About 18,000 passengers daily potentially could have the option of free, but unsecured, connectivity via a Wi-Fi access point in the coach, which links with a Sprint cellular interface. Each wireless coach is equipped with a 10-inch antenna for the exterior link to the cell network.
That arrangement clearly offers limited bandwidth. During the test phase, the MBTA promises at least one specially marked coach in each inbound and outbound train will offer wireless connectivity (a total of 45 are being outfitted for wireless). That means the bandwidth of that coach's single Wi-Fi access point will potentially be shared by scores of laptop passengers who want to do more than read the morning edition of The Boston Globe. The real bottleneck will be the cellular data link, but that, too, will depend on the number of users, and the kinds of applications they're running.
The MBTA's online FAQ warns about the limited bandwidth and encourages passengers to use wireless connection for simple Web surfing and e-mail, and not for downloading streaming audio and video. Riders also are cautioned about accessing "inappropriate" Internet content and warned not to expect technical support from the train conductors. The MBTA offers a separate tech support call-in number and e-mail for questions or problems.
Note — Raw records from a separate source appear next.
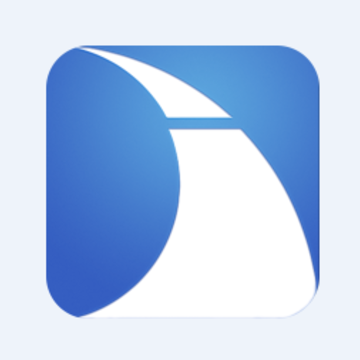 �����߷���app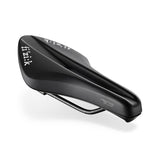 Fizik Saddle Transiro Aeris SD R5 135MM Black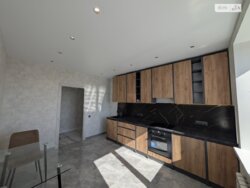 Продається квартира Вінниця, Вінницька, Академічний фото 6 Продається квартира Вінниця, Вінницька, Академічний фото 6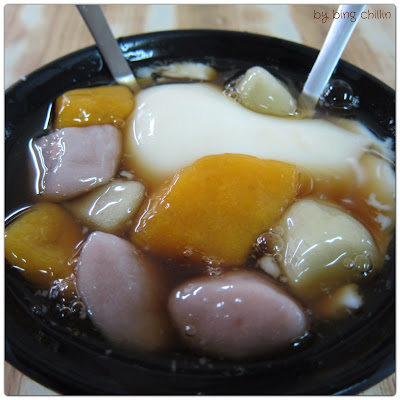 jiufen-taro-dessert-sweet-potato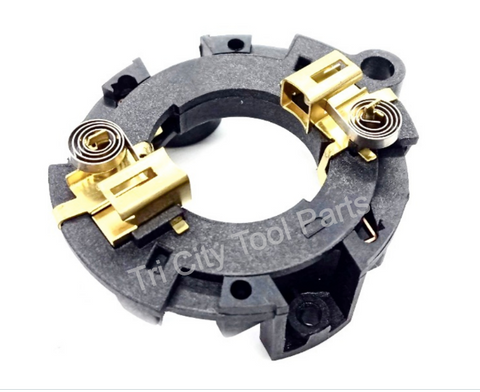 385995-01 DeWalt Brush Holder Reverse Ring
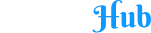 electrohub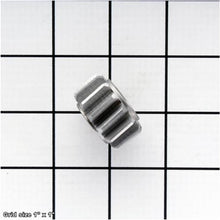 Load image into Gallery viewer, GEAR 14T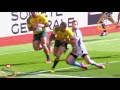 rugby greatest skills ever 1080 p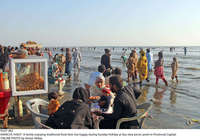 Filename=Pic07-062~26.jpg
Filesize=358KiB
Dimensions=2048x1437
Date added=Feb 07, 2021 Pic07-062~26.jpg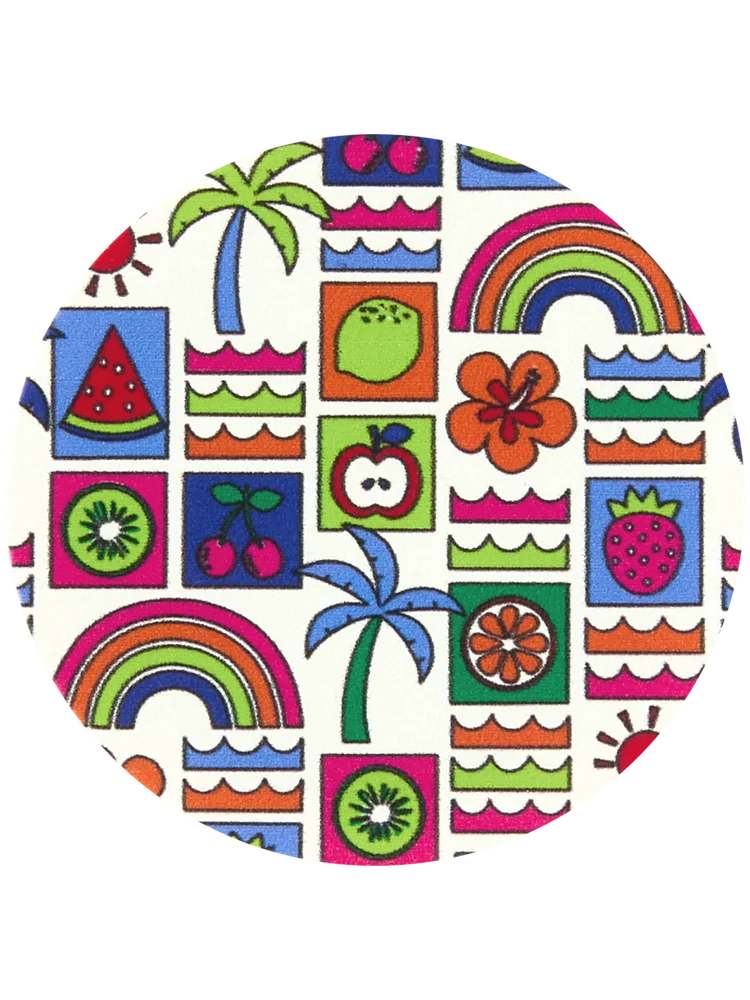 Phone Pop Up Holder (1)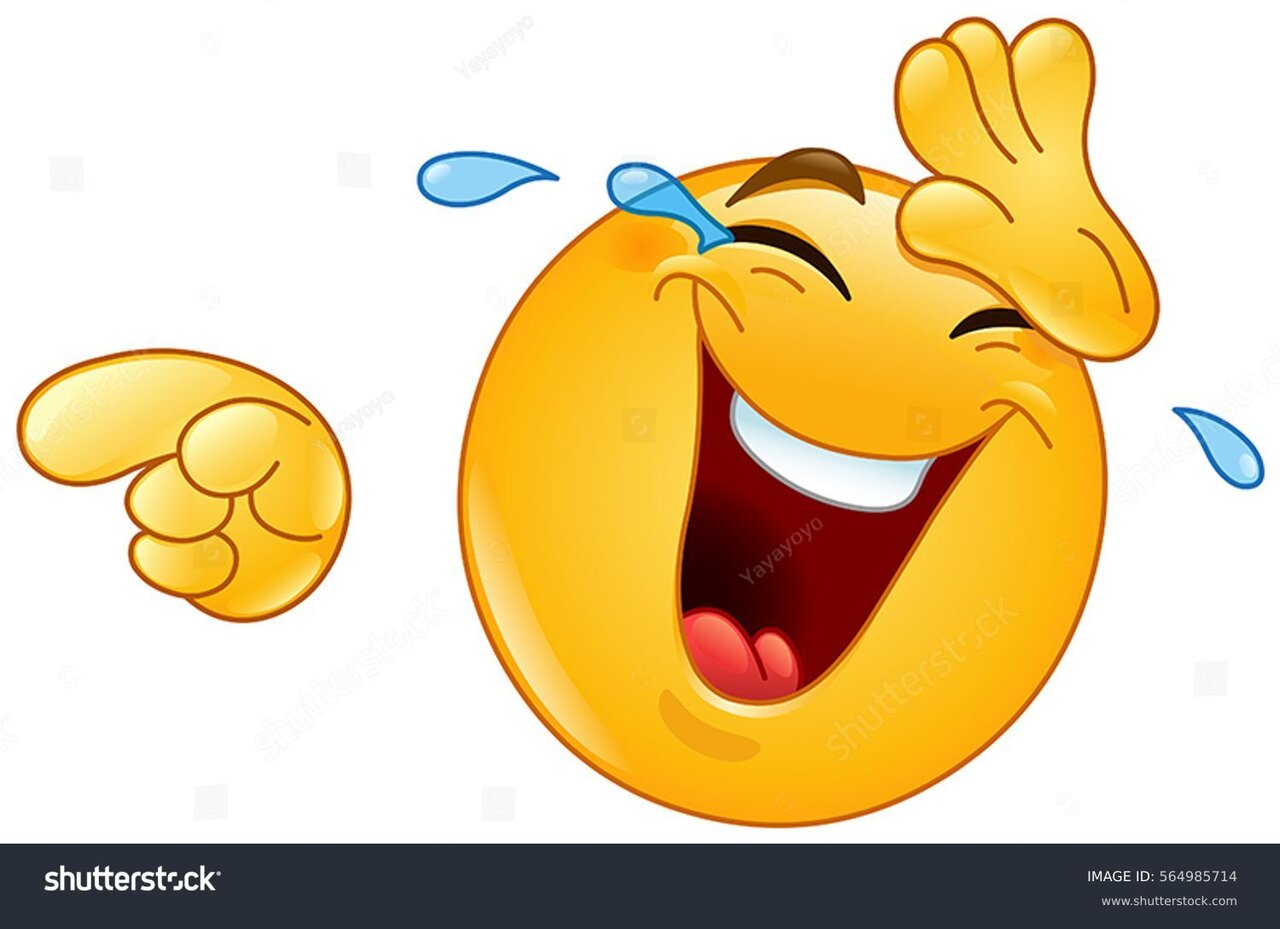 stock-vector-emoticon-laughing-and-wiping-tears-away-while-pointing-at-something-or-someone-wi...jpg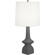 JASMINE TABLE LAMP (237|MCR10)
A throughput map available online at the MBTA site shows the entire line and the fluctuations in coverage between Boston and Worcester. Most of the results fall somewhere in a "green zone" of what the MBTA call "good signal range," though coverage drops closer to the bottom end of that range the further one gets from Boston. In a few places, the signal range plummets into "poor."
The project is the brainchild of Timothy Murray, a former Worcester mayor and current lieutenant governor. In a local newspaperstory, Murray is quoted as saying the service boosts productivity by connecting commuters to the Internet and "encourages and incentivizes people to take the trains as well."
The MBTA has spent over a quarter of a million dollars -- US$262,000 to be exact -- on equipping 45 coaches for one of the 13 commuter rail lines.